Perhaps the most appalling aspect of Islamic law for women is the ease and informality of divorce for the husband and its impossibility for the wife. American law has, I believe, always treated the genders the same in this regard, at least in theory.
I say "in theory" because a great many men will be glad to tell you at length about how the deck is stacked against them in divorce court. A good example of how "fair and equal" laws are not always applied fairly and equally in practice.
Actually, no. I was amazed, when reading the court records of nineteenth-century midwestern America, to find out just how often divorce took place. I always believed, as I think most people do, that people back then hardly ever got divorced. That was true in England, where women usually lost custody if there was a divorce. But the midwest of America was astonishingly open about such things, and the frequency of divorce was really pretty high. Grounds were similar to those seen today. There is nothing new under the sun.
You have any statistics? I'm interested. Can't effectively debate you on this topic because my previous posts have been based on general impressions, not actual research. However, I am aware that western states were generally much more egalitarian in their awarding of rights to women.
I also thought it was very interesting that so many of the early pioneers of Texas, and presumably other frontiers, were married but had abandoned their wives back in the States. Which didn't stop them marrying again without the formality of a divorce.
By the way, I haven't really been thinking of this as a debate, more as a discussion with each of us having some different information to contribute to advancing our mutual understanding of the topic.

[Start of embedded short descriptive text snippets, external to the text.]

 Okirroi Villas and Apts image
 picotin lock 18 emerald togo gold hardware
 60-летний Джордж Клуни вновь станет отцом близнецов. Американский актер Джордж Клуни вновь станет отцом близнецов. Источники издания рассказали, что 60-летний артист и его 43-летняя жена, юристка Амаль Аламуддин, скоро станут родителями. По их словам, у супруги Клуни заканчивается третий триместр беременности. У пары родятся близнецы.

Look, this same sort of dispute came up when we had our discussions of the special cameras to catch red-light runners. There were people in here who were positively certain they should be allowed to run redlights since it was a Natural Right (and every other argument).
The point is that to stay on topic a reference to who may drive vehicles on the public roads probably isn't going to work.

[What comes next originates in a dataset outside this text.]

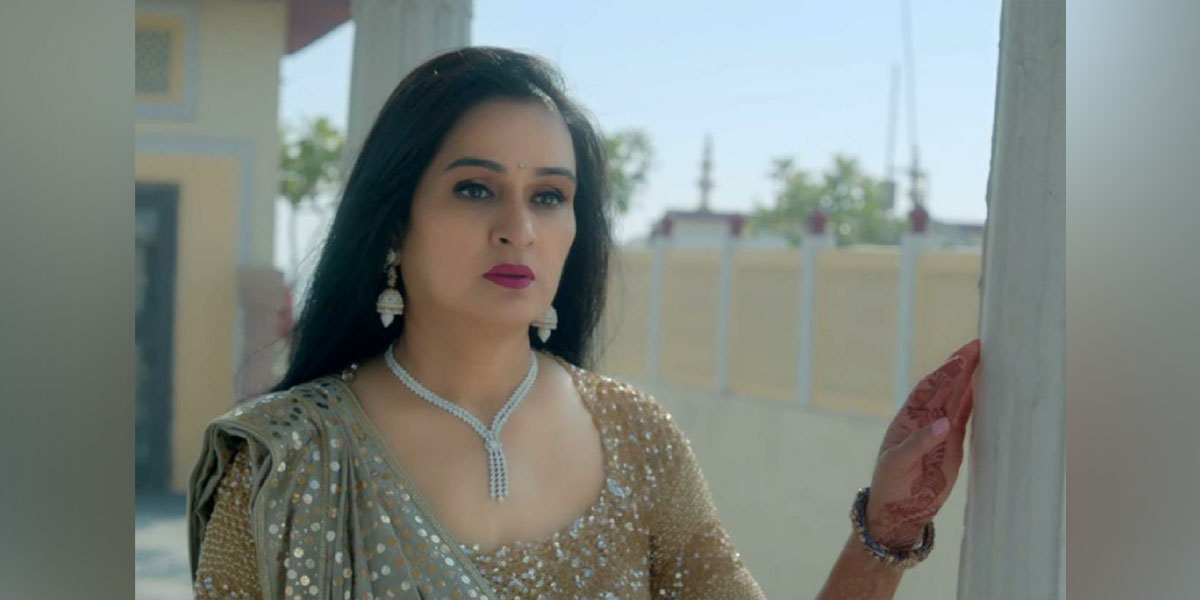 Padmini Kolhapure’s recreation of her iconic song, ‘Yeh Galiyan Yeh Chaubara’ is out now!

That is, if you wish to stay on topic. You saw how readily I could take the thread off on something else. Lots of folks here can do that.
In Kentucky you had to be able to outshoot your spouse.

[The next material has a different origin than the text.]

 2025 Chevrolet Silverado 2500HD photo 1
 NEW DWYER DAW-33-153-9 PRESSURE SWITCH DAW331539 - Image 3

I'll tell you, some of these court records from 1862 are hilarious. They sound exactly like an episode of Jerry Springer. "You be a ho, bitch!" "You skank, you tellin' me I a ho? You a ho! You leave my babydaddy alone, skank!" etc. etc.
Interesting answers. You mentioned my point about where rights come from but did not address it. You did not address dhimmitude, the rights of 'the inferior' citizens in ME culture at all, or even the broader topic of the Arabization of Europe. You then patted yourself on the back mistakenly for being able to draw the conversation off topic, although I stuck to it and brought it back.
In doing all of this you further made my point of the lengths that people would go to to justify things. The funny thing is that you never really added anything to the conversation one way or the other. At first I thought you were simply trying to play devil's advocate, but I guess not.
This was a great mystery for years until my sister-in-law realized that coming at the end of the meeting it obviously meant "So Dismissed", just that the clerk couldn't spell!
All you had to do was put your thumbprint in the membership book at the local mosque and that was it. Now that didn't make you free since you still lived in a dictatorship (as have most of humanity for most of history), but they quit bothering you about the special taxes.
With respect to the Arabization of Europe, they could do worse, and have.
Thanks for your graciousness. Too often those with specialized knowledge around here use it to beat up those with a more generalized background who dare to comment on their specialty.
I believe my comments on the prevalence of divorce in the 19th century are generally accepted, which of course does not mean they're accurate.